Encontro Furtivo
- Você é melhor que nas fotos – mentiu ele para agradar, enquanto furtava um beijinho nos lábios.
- Obrigada – disse ela esquivando-se da língua atrevida.
- Nossa! como você é alta – encima do salto era maior que ele - hum, mulher de sobra... – enquanto cafungava no cangote, o dedo médio embrenhava-se por trás da calça jeans.
- Você é apressadinho. – virou-se de costas, agora livre de beijo indesejado.
E ele por trás colado ao corpo dela feito cachorrinho tarado, em seguida se sentou na cama - Oh! Delícia de cofrinho de Vênus de Milo, portal dos grandes tesouros tesudos!
- Estou sem calcinha - e requebrando devagarinho começou a baixar as calças.
- E isso é jeito de sair andando por aí?, safada. – de resposta teve o enorme traseiro nu sentado em seu colo. De extasiado gostou até das estrias, achou decorativo o listrado em tom mais escuro dos culotes – ai que me acabo antes de começar – conseguiu conter-se pra aproveitar mais.

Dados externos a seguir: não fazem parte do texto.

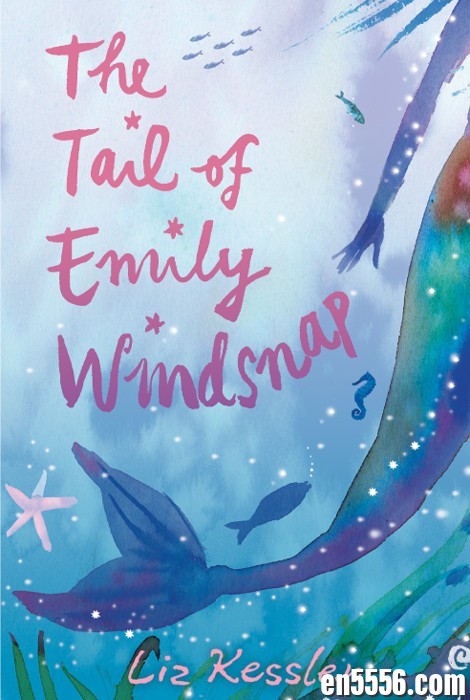 Emily Windsnap Series 6册（epub+mobi）9216 作者:vivian11 帖子ID:266924 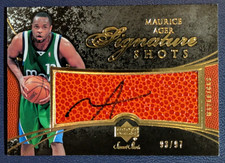 NBA BASKETBALL AUTO INSERTS SIGNED AUTOGRAPHS - YOU PICK - (FREE SHIPPING)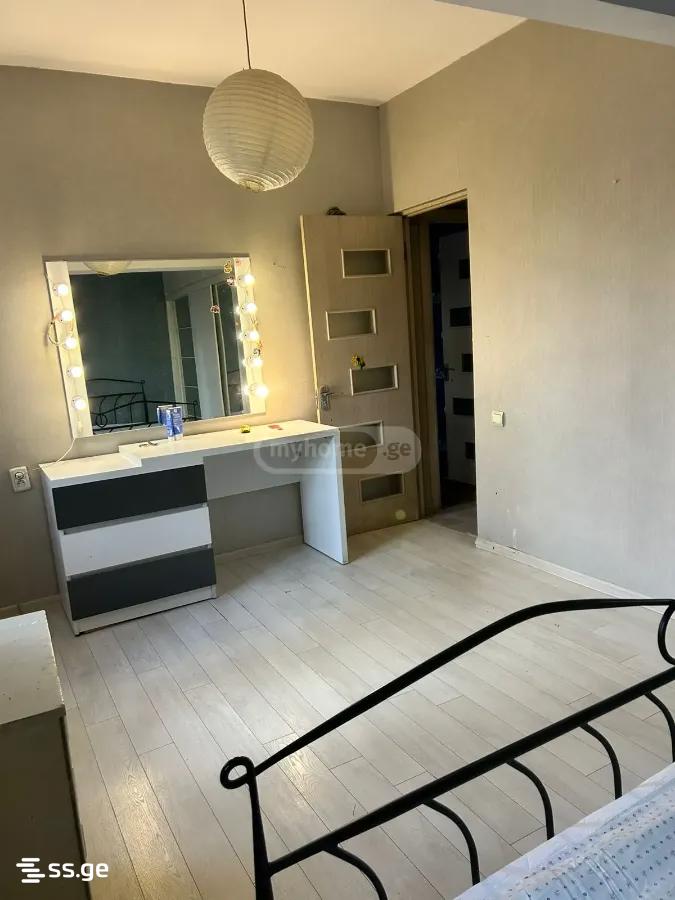 I Microdistrict - Gldani - 4 rooms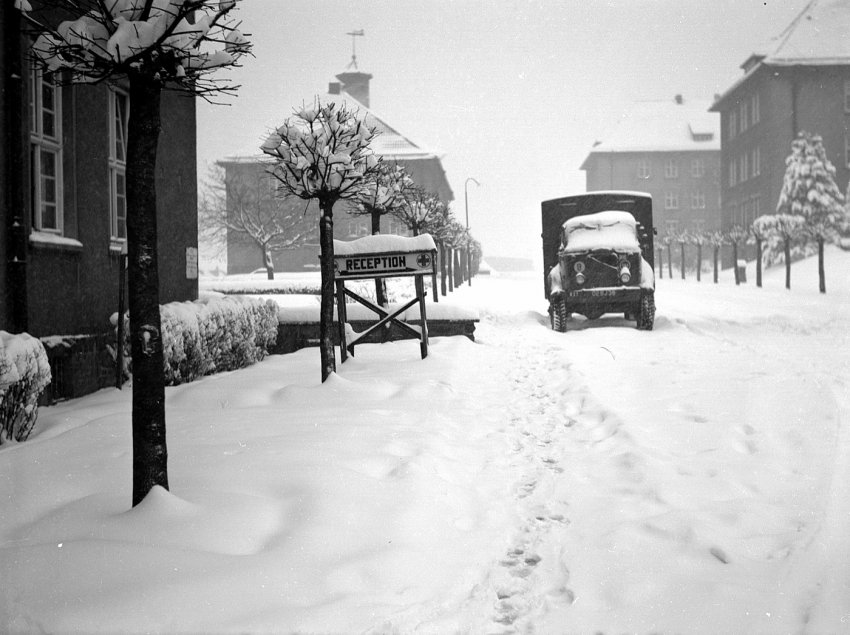 BMH Iserlohn Winter 1957-58 02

- Quer que eu me lave pra tirar o perfume?
- É melhor, querida.
E ela voltou decidida a trabalhar, recostou-o à cabeceira da cama, beijinho no mamilo peludo, escorregou pela barriga sobressalente até o umbigo, e mais abaixo abocanhou. Lambia, cuspia e lambia volta, a mãozinha deslizava em cadenciado vai-vem, entre as pernas desceu o dedinho atrevido, e ele pulou assustado:
- Não meche aí não!, moça, eu sou homem macho, até pai de família eu sou!
- Tem medo de mim? benzinho – abocanhou-o inteiro e insistiu com o dedo que agora ganhou espaço. Ah!, vai-se o homem macho pai de família, que dá lugar ao puto.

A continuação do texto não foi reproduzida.